SPSS Statistics

SPSS Statistics

Your hub for statistical analysis, data management, and data documentation. Connect, learn, and share with your peers! 

 View Only
  • 1.  Error with Relational Operators (using >= in a COMPUTE)

    Posted Fri December 22, 2023 10:41 AM
      |   view attached

    Hello there,

    We have run into a strange error. We have a large dataset where we compute 25 different scores and then the mean of those scores for each case. Each case where the mean score is over 0.5 is considered to have met the standard and we report out the percentage who met the standard overall, and for various subgroups. We expected this to be really straightforward, but something is happening. The calculation of whether a case met the standard--which is simply a test of greater than or equal to--is failing. For a small percentage of cases, the mean score is equal to the cutoff value, but the MetStandard variable is being assigned 0 and we do not understand why.

    I am attaching a dataset for illustration purposes, in case that helps. It has 2500 cases. Each case has up to 25 scores (Scale1 through Scale25) that range from 0.2 to 1.0. The mean score and the variable indicating whether or not the variable met the standard are assigned as follows:

    COMPUTE MeanScale=Mean(Scale1, Scale2, Scale3, Scale4, Scale5, Scale6, Scale7, Scale8, Scale9, 
        Scale10, Scale11, Scale12, Scale13, Scale14, Scale15, Scale16, Scale17, Scale18, Scale19, Scale20, 
        Scale21, Scale22, Scale23, Scale24, Scale25).

    COMPUTE MetStandard=MeanScale >= 0.5.
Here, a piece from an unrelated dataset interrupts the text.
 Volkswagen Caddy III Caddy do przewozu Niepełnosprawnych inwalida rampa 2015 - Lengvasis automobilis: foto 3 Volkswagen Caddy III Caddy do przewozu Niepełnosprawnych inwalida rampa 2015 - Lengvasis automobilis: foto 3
    There are 9 cases where MeanScale is 0.5, but MetStandard was assigned 0. I noticed that rounding the MeanScale before doing the comparison seems to resolve this problem (at least in this particular dataset, though I do not know why that should matter given the cases with issue were exactly 0.5). Is there some underlying limitation that I should be aware of that explains this? Are there other problems that issue can cause? 

    Thank you for any guidance! 



    ------------------------------
    A. R. Afework
    ------------------------------

    Attachment(s)

    sav
    IllustrationDataset.sav   461 KB 1 version


  • 2.  RE: Error with Relational Operators (using >= in a COMPUTE)
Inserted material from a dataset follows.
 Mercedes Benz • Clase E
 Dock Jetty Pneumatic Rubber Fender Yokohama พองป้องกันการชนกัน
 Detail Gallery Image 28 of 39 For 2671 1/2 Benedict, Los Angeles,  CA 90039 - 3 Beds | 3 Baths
    Posted Fri December 22, 2023 11:07 AM
    The calculation are correct.  If, for example, you look at case 127, it looks like the value is .50000, but if you expand the number of decimals, you can see that the exact value is actually .4999999999999999





  • 3.  RE: Error with Relational Operators (using >= in a COMPUTE)

    Posted Fri December 22, 2023 11:39 AM

    Hi Jon, 

    Thank you for looking at my dataset and my question.

    So for rows 119-127, I can see that if I increase the variables to 16 places after the decimal, SPSS has calculated the mean as less than 0.5. On the plus side, this means that the greater than or equal to operation is fine. Unfortunately, this insight highlights a couple of issues:

    1. Originally--when created and when the calculation was done--the variable was only set to have two decimals. So SPSS is apparently storing additional decimal places but only displaying 2. This is strange.
    2. The mean function then seems to be the issue by returning an incorrect value. For rows 119-127, all of those means are exactly 0.5.
      1. Specifically case 127 has 22 individual scores, which sum to 11 so the mean is 0.5.


    ------------------------------
    A. R. Afework
    ------------------------------



  • 4.  RE: Error with Relational Operators (using >= in a COMPUTE)

    Posted Fri December 22, 2023 01:35 PM
    The computed sum is .10.9999999999999980 for case 127.  This is due to the nature of the floating point arithmetic hardware used in all modern computers - at least all that I know about.  Double precision floating point values have 53 binary bits of precision (the rest is for the exponent), for representing numbers in terms of powers of 2.  So, although very close, there are infinitely many numbers that cannot be represented exactly.  All floating point arithmetic is therefore approximate even though the values are extremely close.  You can dig into the details of floating point hardware on Wikipedia (see below)

    If computations were carried out in base 10, decimal arithmetic, you would not see differences with decimal values.  It is possible to write code to do this, but it is hundreds of times slower than binary arithmetic since it has to be done in software rather than the usual hardware, so it is not used in scientific computation.  The Decimal data type in Python provides this computation and could be used in SPSS via the SPSSINC TRANS extension command.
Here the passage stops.